El astrónomo Rudy Schild, del Centro para la Astrofísica (CfA por sus siglas en inglés) que operan conjuntamente el Instituto Smithsoniano y la Universidad de Harvard, estudió, con sus colegas, el cuásar conocido como Q0957+561, localizado aproximadamente a 9.000 millones de años-luz de la Tierra, en la dirección de la constelación Ursa Major (Osa Mayor). Este cuásar alberga un objeto compacto central que contiene tanta masa como 3-4 mil millones de soles. La mayoría consideraría ese objeto como un "agujero negro", pero la investigación de Schild sugiere otra cosa.
Schild explica que él y sus colaboradores no llaman a este objeto un "agujero negro" porque han encontrado evidencia de que contiene un campo magnético anclado internamente que penetra a través de la superficie del objeto central colapsado, y que interactúa con el entorno del cuásar.
Los investigadores escogieron Q0957+561 por su asociación con una lente cósmica natural. La gravedad de una galaxia cercana forma dos imágenes del cuásar distante, y magnifica su luz. Estrellas y planetas dentro de la galaxia cercana también afectan a la luz del cuásar, causando pequeñas fluctuaciones en el brillo (en un proceso descrito como de "microlente") cuando se acumulan en la línea de visión entre la Tierra y el cuásar.
Schild monitorizó el brillo del cuásar durante 20 años, y ha dirigido un consorcio internacional de observadores operando 14 telescopios para mantener vigilado al objeto, sobre todo en los momentos críticos.
A través de análisis cuidadosos, el equipo logró desvelar algunos detalles del corazón del cuásar. Por ejemplo, sus cálculos permitieron localizar lo que aparenta ser la ubicación exacta donde los chorros se forman.
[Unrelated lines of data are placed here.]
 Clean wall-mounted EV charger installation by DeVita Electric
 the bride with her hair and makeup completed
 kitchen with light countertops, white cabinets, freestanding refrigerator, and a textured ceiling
Schild y sus colegas encontraron que los chorros parecen surgir de dos regiones, de mil unidades astronómicas de tamaño, localizadas a 8.000 unidades astronómicas directamente sobre los polos del objeto compacto central. Este cuásar parece estar dominado dinámicamente por un campo magnético anclado en el interior de su objeto central, ultradenso, supermasivo, y en rotación.
A la luz de estas observaciones, Schild y sus colegas, Darryl Leiter (del Centro de Investigación Astrofísica de Marwood) y Stanley Robertson (de la Universidad Estatal del Sudoeste de Oklahoma), han propuesto una teoría polémica, la cual sostiene que el campo magnético es intrínseco al objeto ultradenso y supermasivo del centro del cuásar, en lugar de ser sólo parte del disco de acreción, como piensan la mayoría de los investigadores. Si se confirma, esta teoría llevaría a una nueva y revolucionaria imagen de la estructura del cuásar.
Este hallazgo desafía la idea comúnmente aceptada sobre los agujeros negros. Los autores del estudio han propuesto incluso un nuevo nombre para ellos: Objetos Magnetosféricos en Colapso Eterno.
Esta investigación sugiere que, debido a estas propiedades físicas exóticas, la mayor parte de la materia que se acerca no desaparece para siempre. Según esta teoría, un objeto magnetosférico en colapso eterno no tiene un horizonte de eventos, así que cualquier materia ve reducida su velocidad gradualmente y se detiene en la "superficie" del objeto.